Ten years after it emerged Google had tracked Safari users browser history, the landmark case is to go before the Supreme Court
Google is to face more legal challenges it never wanted in a British courtroom over its data collection practices over a decade ago.
The case centres over whether Google allegedly misused Safari’s security settings in order to track user activity of 4.4 million iPhone users between September 2011 and February 2012.
Safari is designed to block tracking by default, but Google a decade ago apparently bypassed this feature (the so called ‘Safari Workaround’) to place cookies that gathered information on users and their habits so the search giant could deliver more targeted adverts.
Route to Supreme Court
That move was not without repercussions around the world.
For example in 2013 Google had to pay a $17 million (£12.2m) settlement to 37 US states to resolve the allegations the company violated consumer privacy by using tracking cookies.
Google then sought to move the court case to the United States, but the UK Appeal court ruled in 2015 that the lawsuit could be filed in the UK.
After that in 2017 Google was hit another lawsuit over the matter, but in October 2018 London’s High Court ruled that Google’s alleged role in the collection, collation and use of data from the browser was wrongful and a breach of duty, but claimants had not suffered “damage” as specified by Britain’s Data Protection Act.
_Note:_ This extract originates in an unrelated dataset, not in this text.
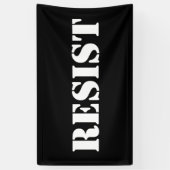 weerstand bieden tegen de opstand tegen vrouwenrec spandoek (Verticaal)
But in October 2019 the Court of Appeals in London overturned that ruling.
Supreme court case
Richard Lloyd, the former director of consumer group Which? and the representative claimant in the mass action, was quoted as saying at the time that the Appeals court ruling “sends a very clear message to Google and other large tech companies: you are not above the law.”
And now Lloyd can bring the case against Google at the Supreme Court in London.
However the BBC noted that this two day hearing will not be about the actual claim itself, but whether the complainant Richard Lloyd can bring it on behalf of those affected.
If the case is allowed to go ahead, many others are likely to follow.